Values of angles are easy to talk about in designing something, but for the angle to be useful in making something, say for setting a sliding bevel, you need its tangent.  So, Chris can tell us 10º, and we’re stuck without something else to translate for us, be it protractor or trig table or calculator.   As you discovered.

However, for small angles, say less than about 15º, there is a very simple way to do the translation:  the angle itself is a good approximation of its own tangent, if the angle is expressed in radians and not in degrees.  It’s so simple that it often becomes a head calculation.  

A radian is 180º/pi or 57.295....º.  Immediately, that’s complicated.  But if I start with the Biblical approximation for pi, namely 3, it becomes arithmetic even I can do in my head:  60º.  And I just have to remember that because I’ve lopped about 5% off the value of pi, the estimated size of my radian at 60º is about 5% too large, and the tangent I estimate with it will be 5% too small.  If need be, I can fix that later.

So, tan 10º ≈ 10º/57.3º ≈ 10º/60º = 0.16667 or an integer ratio of exactly 1:6.

I can look up the precise angle corresponding to  a tangent of 0.16667 and find it’s 9.46º.  Not bad, but if I  correct the tangent up by 5% for the error introduced by truncating pi to 3, then I get  the tangent estimated to be 0.175, corresponding to 9.93º, pretty close to 10º for an approximation calculated in my head.  Versus 0.176 for the tabulated tangent of precisely 10º.  

Maybe Chris actually wanted a precise 10º splay.  But maybe instead, Chris thought a splay of about 1:6 for these legs would represent a good compromise of everything in this design - strength, stability, not inadvertently sawing the legs off, etc. -  and that’s almost 10º, so let’s call it 10º to keep things simple.  Could be either.  And since it doesn’t really affect anything else in your structure as far as I can see, you can do whichever you want.  

I’d get a sliding bevel and set it at 1:6 for a splay of 9.4º, or if I really had my heart set on 10º, I’d set it with Rob’s drawing or with a slope of 3:17, magic numbers pulled out of the air (sorry) that give 10.01º.  And then I’d get busy with the fun of sawing Chris’ angled rabbets.  

I built an earlier version of Chris’ design a few years ago.  I enjoyed building it and use it a lot, plus it’s my favorite place to sit in the shop.

[Arlin Eastman]

Here are a couple of cheap ideas

https://www.amazon.com/GemRed-82305-Digi...uges&psc=1


Or one with out digital and just as good

http://www.eastwood.com/protractor.html?...oCJwjw_wcB

http://www.sears.com/uxcell-metal-15cm-1...Id=Everest Ventures&prdNo=7&blockNo=7&blockType=G7

[cputnam]

THIS plus a bevel angle gauge should solve your problem.

[Zhent]

Great thank you to everyone's comments.

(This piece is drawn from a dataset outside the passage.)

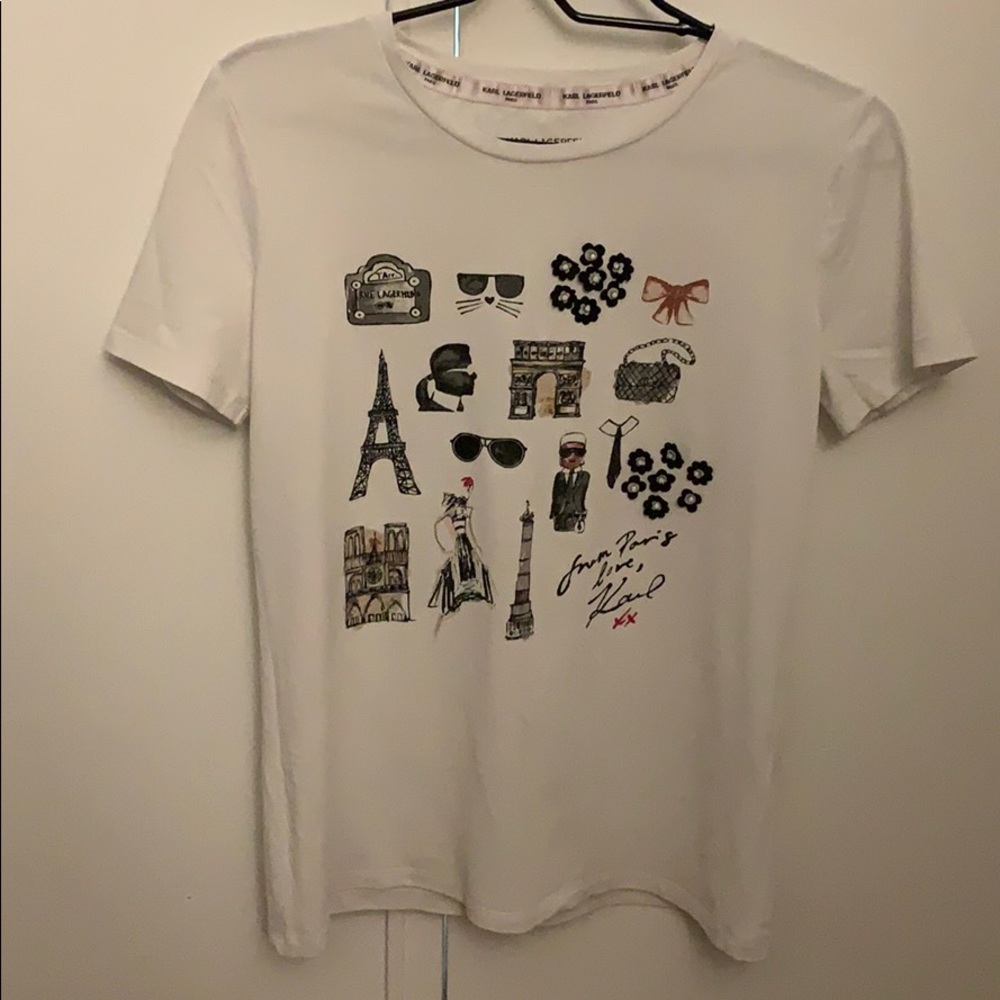 Karl Lagerfield t shirt size xs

This will all come in very useful on this and future projects - the sawbench is the first thing that I'm putting together, and I'm running into many questions that I think don't often come up outside the most basic of beginners classes! It's great to have a place where I can ask even these relatively simple questions.

[Cooler]

If I were making this I would make a full-size plan upon which to lay the components and check for angles and dimensions.  

Regardless of the way you measure full sized plans will be an assistance.